A city traffic engineer testified that this light was programmed to flash yellow for both directions in the event of a conflict among the lights at the intersection. The all yellow flashing was the state's recommendation, but the normal recommendation for this intersection would be a yellow light for south bound Bullard and red for vehicles turning from the north bound side.

In reasons for judgment the trial judge found 75% of the fault on Ellison because she failed to see Thomas "making a left turn until immediately prior to impact notwithstanding the fact that he was almost through the intersection after having made a left turn." He based the allocation of 10% of the fault to Thomas "because the duty placed upon a motorist making a left turn is to make sure it can be done without obstructing oncoming traffic." Finally he found the City to be 15% liable because of its failure to maintain the lights at this intersection.

Since the City did not take an appeal from the judgment we accept the assignment to it of 15% of the fault. As to the remaining allocations between Thomas and Ellison we have concluded that the trial court erred in law and in fact by failing to find that the drivers were equally at fault.

LSA-R.S. 32:234 provides that a driver confronted with a flashing signal may proceed through or past such signal only with caution. If either driver had complied with this statute the accident would not have happened. Since they both violated the statute by failing to exercise caution they were equally at fault. In Thomas' case he saw Ellison approaching when she was but two hundred feet away. At this point Thomas was stopped, preparing to turn. He thought she would yield and took a chance that he could get across safely. This can hardly be said to constitute the exercise of caution. He proceeded slowly, but this proved to be his undoing. He placed himself in Ellison's path in the hope she would see him and avoid striking him. The trial court's allocation of only 10% of the fault to Thomas is clearly wrong. He was equally at fault with Ellison by violating the same law she did.
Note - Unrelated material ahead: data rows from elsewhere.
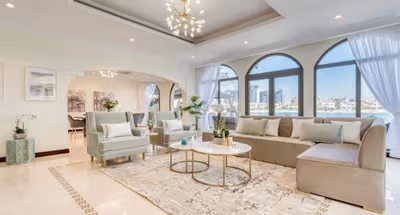 Wonderful 5 Bedroom Villa @Frond O, Palm Jumeirah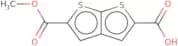 5-(Methoxycarbonyl)thieno[2,3-b]thiophene-2-carboxylic acid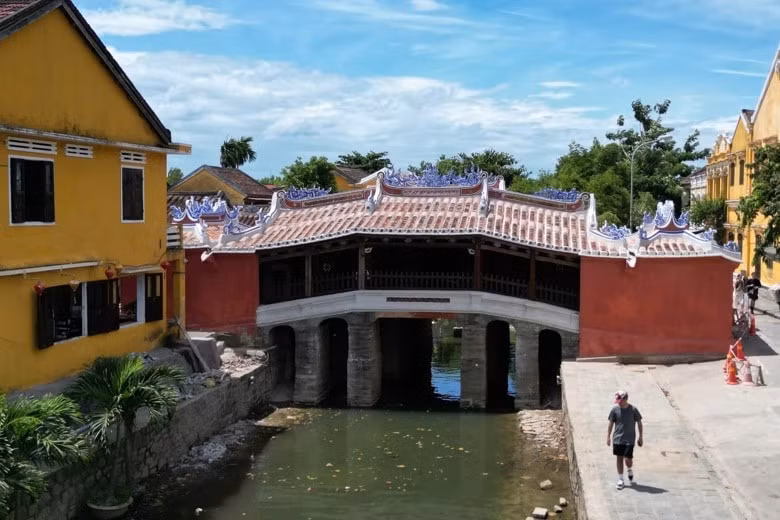 hoi an se lam cu cong trinh chua cau truoc le khanh thanh hinh 2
State Farm's second assignment of error is directed to the trial court's finding that it provided liability coverage to Ellison. Zurich alleged that State Farm provided the insurance; State Farm denied this allegation and called for strict proof. State Farm argues "there was absolutely nothing in evidence to show a connexity between Susan Ellison and State Farm." If this were so State Farm's assignment would have merit in accordance with Barber v. West, 394 So.2d 779 (La.App. 4th Cir.1981). But State Farm overlooks the police report which was placed in evidence by stipulation and which contains an entry that Ellison was insured by State Farm giving the policy number and the policy expiration date.

In answer to the appeal Zurich seeks to recover back from State Farm as Ellison's and her father's insurer the amount it paid to settle their claim against it. The settlement was made after a suit was filed, and the suit was dismissed after the settlement. The only conceivable theory under which Zurich could assert this claim is in the capacity of a subrogee. Subrogation is the substitution of one person to the rights of another. LSA-C.C. art. 1825. Ellison and her father had no rights to assert against their liability insurer, State Farm, and could not convey any to Zurich. Zurich also seeks to have Ellison's fault allocated to the remaining defendants, but the liability of these defendants must be reduced by the fault allocated to Ellison. Since we have concluded that Ellison's fault is less than what the trial court allocated the judgment for the $9,901.69 is payable to the extent of 15% by the City and 42.5% by Thomas.

Accordingly, the judgment of the trial court is amended only to the extent of allocating fault to appellee Joseph W. Thomas and appellant State Farm Mutual Insurance Company in the amount of forty-two and one-half (42.5%) percent to each.